Postette: Useful Contracts Tools Or Toys?

Contract Law Basics and Tips

I recently stumbled upon a couple of contracts products. One is TOSAmend, which allows you to mark up online terms of service before agreeing to them in the hope that you’ll be able to form a contract on more favorable terms. The other is PocketNDA, a small notebook of form non-disclosure agreements for those times when lunch conversation gets serious. What do you think, are these useful contracts tools or mere novelties?

4 comments… add one
  • Victoria Picciafuoco Jan 3, 2012 Link Reply

    When I first stumbled into TOSAmend, a couple of months ago, I didn’t take it seriously, although it definitely highlighted a huge legal painpoint of the internet. Now they have a legal opinion supporting the legality of the tool, and I still have some objections.
    TOSAmend’s idea comes from the frustration of disagreeing with the terms of use set by a company, and not being able to do anything about it. The proposed solution, though, does not give any incentive to the user to read the TOS, but rather reject them in toto, assuming that consumer law is better and more favorable to him. This is not a good incentive, in my opinion, since:
    – the company will still collect my information and do everything that’s in the TOS, and I will still have no idea about it.
    – if the network effect of TOSamend kicks in and everybody starts using it, actually making all TOS useless, the potential liability of the company will go up, and so the price of the service I’m buying.I personally would prefer a transparent, fairer standard that everybody knows about, instead of a trick that (only superficially) reverse the negotiation power of the parties. Somebody in another blog post suggested a sort of “incoterms” for TOS. Many say that writing TOS in plain English would improve the readership rate. Let’s start with that! I had this conversation with Prof Eigen, who wrote the opinion for TOSAmend, and he disagrees, with some good points: he argues that being armed with the ability to edit will make people more likely to spend more time reading contracts, and he thinks a lot of people don’t read terms and conditions because they think– what’s the point? I have to sign anyway, and I can’t change the terms, so why bother?PoketNDA also looks like a novelty designer game, rather than a serious tool, but also embodies another painpoint: the “easy NDA” environment that’s the tech industry nowadays, as depicted by this post by Fred Wilson: must admit that notebook looks pretty well done, and I might buy one just for some funny moments in boring business talks!

    • Brian Rogers Jan 3, 2012 Link Reply

      Veronica: Thanks for stopping by. My favorite comments to Fred’s post (besides signing reception desk NDAs as Mickey Mouse) were Chris Swan’s and Sam Tresler’s, although I didn’t read all 300+ comments!

      Some of the folks commenting on Fred’s post also mentioned the disclaimers and legalese we put all over the place, including at the bottom of emails. Contract formation requires mutual agreement, and courts have really strained to find actual agreement in a lot of instances. Although courts have enforced TOS as long as the people “agreeing” to them have notice and have ostensibly consented, it’s clear to everyone that it’s a legal fiction when no one reads the TOS and all TOS are adhesion contracts.

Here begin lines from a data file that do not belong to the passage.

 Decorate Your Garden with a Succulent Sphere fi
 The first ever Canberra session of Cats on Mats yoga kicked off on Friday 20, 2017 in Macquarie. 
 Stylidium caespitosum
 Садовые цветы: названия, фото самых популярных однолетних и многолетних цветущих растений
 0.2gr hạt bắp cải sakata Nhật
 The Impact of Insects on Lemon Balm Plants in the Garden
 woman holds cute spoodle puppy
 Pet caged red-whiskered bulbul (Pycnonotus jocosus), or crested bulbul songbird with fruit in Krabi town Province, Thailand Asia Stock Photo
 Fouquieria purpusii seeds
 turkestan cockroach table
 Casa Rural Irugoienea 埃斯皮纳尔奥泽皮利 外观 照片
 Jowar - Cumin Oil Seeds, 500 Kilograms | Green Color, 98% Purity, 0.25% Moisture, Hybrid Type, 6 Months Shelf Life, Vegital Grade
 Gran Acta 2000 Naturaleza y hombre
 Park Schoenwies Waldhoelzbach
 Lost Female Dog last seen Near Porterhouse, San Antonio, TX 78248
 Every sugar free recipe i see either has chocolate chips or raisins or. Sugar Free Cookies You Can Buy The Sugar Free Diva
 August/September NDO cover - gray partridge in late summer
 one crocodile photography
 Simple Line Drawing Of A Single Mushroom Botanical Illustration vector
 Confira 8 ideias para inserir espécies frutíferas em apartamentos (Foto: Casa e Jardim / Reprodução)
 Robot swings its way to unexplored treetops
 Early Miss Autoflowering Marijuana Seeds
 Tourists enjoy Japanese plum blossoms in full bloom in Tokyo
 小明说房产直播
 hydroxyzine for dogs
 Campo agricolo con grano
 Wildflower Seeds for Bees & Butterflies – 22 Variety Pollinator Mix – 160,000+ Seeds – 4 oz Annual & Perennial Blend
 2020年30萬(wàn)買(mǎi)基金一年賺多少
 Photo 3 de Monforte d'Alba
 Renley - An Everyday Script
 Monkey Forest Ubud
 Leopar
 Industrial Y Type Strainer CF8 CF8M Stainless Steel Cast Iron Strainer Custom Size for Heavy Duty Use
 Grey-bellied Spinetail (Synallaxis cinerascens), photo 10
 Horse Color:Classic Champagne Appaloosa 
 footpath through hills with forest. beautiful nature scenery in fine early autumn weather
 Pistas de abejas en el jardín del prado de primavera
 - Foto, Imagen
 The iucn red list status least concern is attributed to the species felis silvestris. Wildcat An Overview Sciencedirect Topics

      I liked Coco’s suggestion in the comments to my Should Consumers Read Online Terms of Service? post about adopting some type of Incoterms standards, and I’ve considered whether the standardized approach taken by Creative Commons would work more generally on TOS. Ultimately, I suppose consumer risk of overreaching TOS is backstopped by such legal doctrines as unconsionability, but unless courts extend that doctrine to businesses and other areas where it doesn’t currently apply, the backstop isn’t available in a lot of situations.

      You make a good point about the cost benefits to consumers of website owners’ ability to enforce their TOS. The costs of increased business risk would ultimately find their way back to consumers. Plus, just as the sanctity of contracting is important to economic activity generally, the enforceabilty of TOS is important to transactions to which TOS apply. But there must be a better solution than the legal fictions we’re living with.

  • Bradley B. Clark Jan 3, 2012 Link Reply

    Brian – here’s my pithy comment about the TOSAmend issue: there’s no mutual assent and therefore no binding contract.

    Why not create a program (or a browser extension) that automatically amends every website’s TOS you visit in some manner (perhaps just jurisdiction or choice of law) so that there is never a meeting of the minds and no contract?

    Presumably, neither side would then have a breach-of-contract claim whereas without the “amendment” there would be a contract in favor of the website.

    • Brian Rogers Jan 3, 2012 Link Reply

      Bradley: Interesting thoughts. Although the UETA allows for contracting through computers without human interaction, if changes aren’t communicated, they’re not going to be effective. If proposed revisions are aren’t going to be received by anyone at the website owner who can consider them, you might as well click “I agree” with your fingers crossed.

      In any case, although you might not have a contract at any point during the “executory” period, at some point, you have a contract-related claim, even if it’s along the lines of quantum meruit.

      If article 2 of the UCC applies, the battle of the forms provisions of section 2-207 will ensure there’s a contract.